A couple of weekends ago, I saw Kill Bill, and absolutely freakin' loved it. If, as Theodor Adorno suggested, there is no poetry after the Holocaust, I think a contemporary (though, admittedly far more shallow -- and I'm not making an ethical evaluation here) corollary might be that there are no more violent movies after Kill Bill. It was utterly shocking. I'm hard-pressed to think of a way that future movies can present violence in such a way as to compare to Tarantino's vision.

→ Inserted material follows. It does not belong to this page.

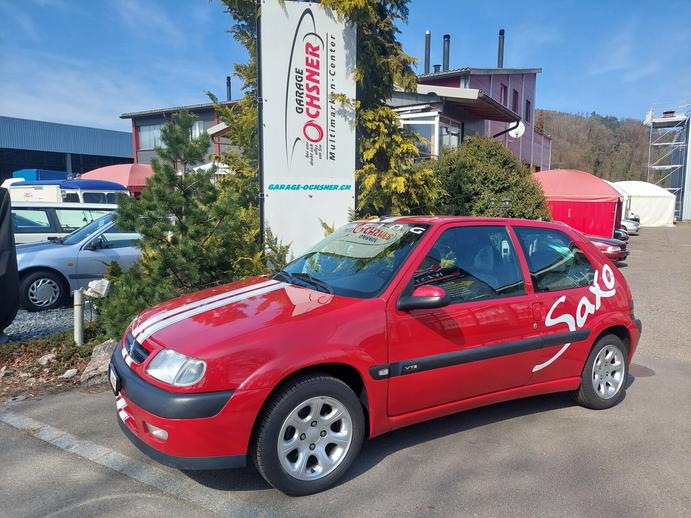 CITROEN Saxo 1.6i 16V VTS, Benzina, Occasioni / Usate, Manuale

I tell you this for one simple reason: I only see the Matrix movies for the comic book, sublime violence. Nothing else. The mythology is pretty shallow and obvious, and the philosophy is of the popular variety that many a thoughtful person might ruminate upon whilst in the tub, stuck in an elevator, etc. So, let's not be fooled, The Matrix is about crazy violence, executed with absurd, electronically-attuned finesse. This, I think, is the reason I left Reloaded a little disappointed. The fights were, for all their bluster and boom, were pretty predictable (save for Morpheus' sudden ability to kick an agent's ass, and I certainly don't credit that as a good plot turn) -- plus, the movie wasn't helped by that bane of such movies: the moviemakers taking their mythology far too seriously, and thus forcing the gunplay to be muted for some insipid dialogue. Moreover, this is the reason I fear I may dislike the last installment. If the early word is true, while there's heaps of over-the-top shoot 'em up, Revolutions will revel in the Christological pap of its suggested pseudo-allegory. Invariably, you'll have people who will remark at the brilliance of this parallel -- evangelical Christians inviting their 'unsaved' friends, so that they might evangelize over a slice of pizza later, in hopes of ticking one name off their Christian hit-list; and, even more annoying, popular culture seminars in which cool black-clad professors push back their greasy, brown locks, and read the trilogy as some seminal moment in contemporary mythology. Urgh. Meanwhile, that'll be me -- at the pizza joint eating a ham calzone, or at the seminar scribbling down a grocery list -- rolling my eyes and awaiting the second volume of Kill Bill.

Anyway, for now, let's hope none of this is the case. Suspension of disbelief begins now . . . we'll just have to wait and see for how long.